## [What to produce]
Return each line exactly, beginning with the one that has "Десквамация эндометрия. Что" and finishing with the final line of the material. Drop any pictures.

## [Provided data]
------------------------------------------------------------
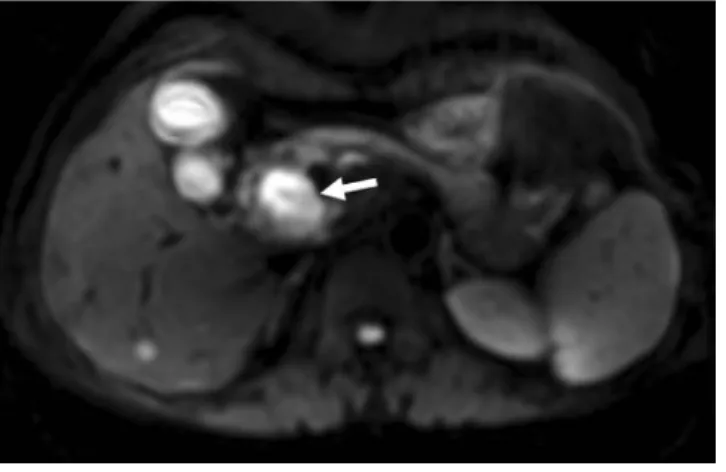 Fig. 3. The surgical specimen shows a mural defect in the  CBD (arrow).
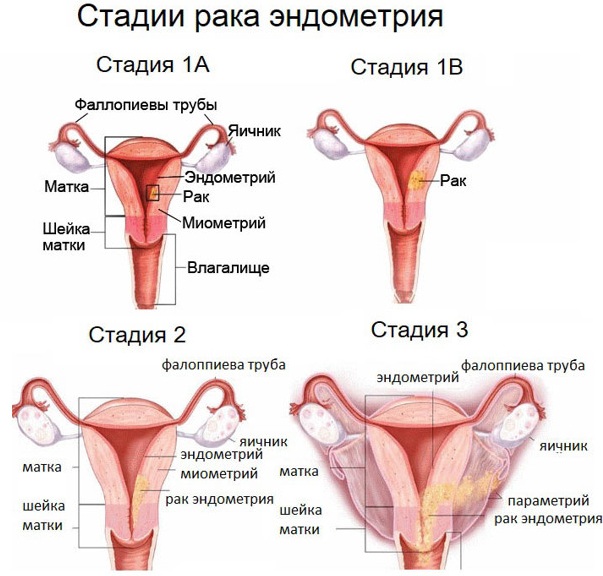 Десквамация эндометрия. Что это такое, в какие дни происходит, вследствие чего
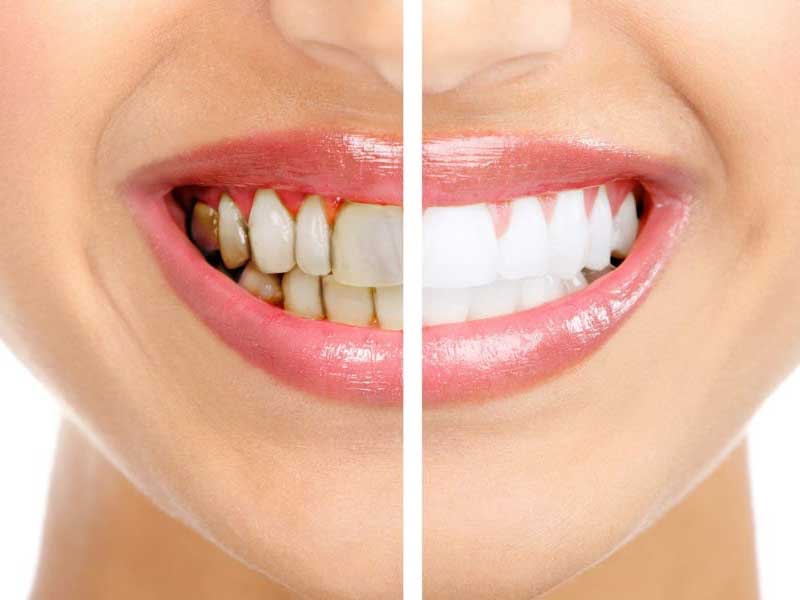 Su Khac Nhau Giua Cao Voi Rang Va Tay Trang Rang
------------------------------------------------------------
## [Answer space]
 Десквамация эндометрия. Что это такое, в какие дни происходит, вследствие чего
 Su Khac Nhau Giua Cao Voi Rang Va Tay Trang Rang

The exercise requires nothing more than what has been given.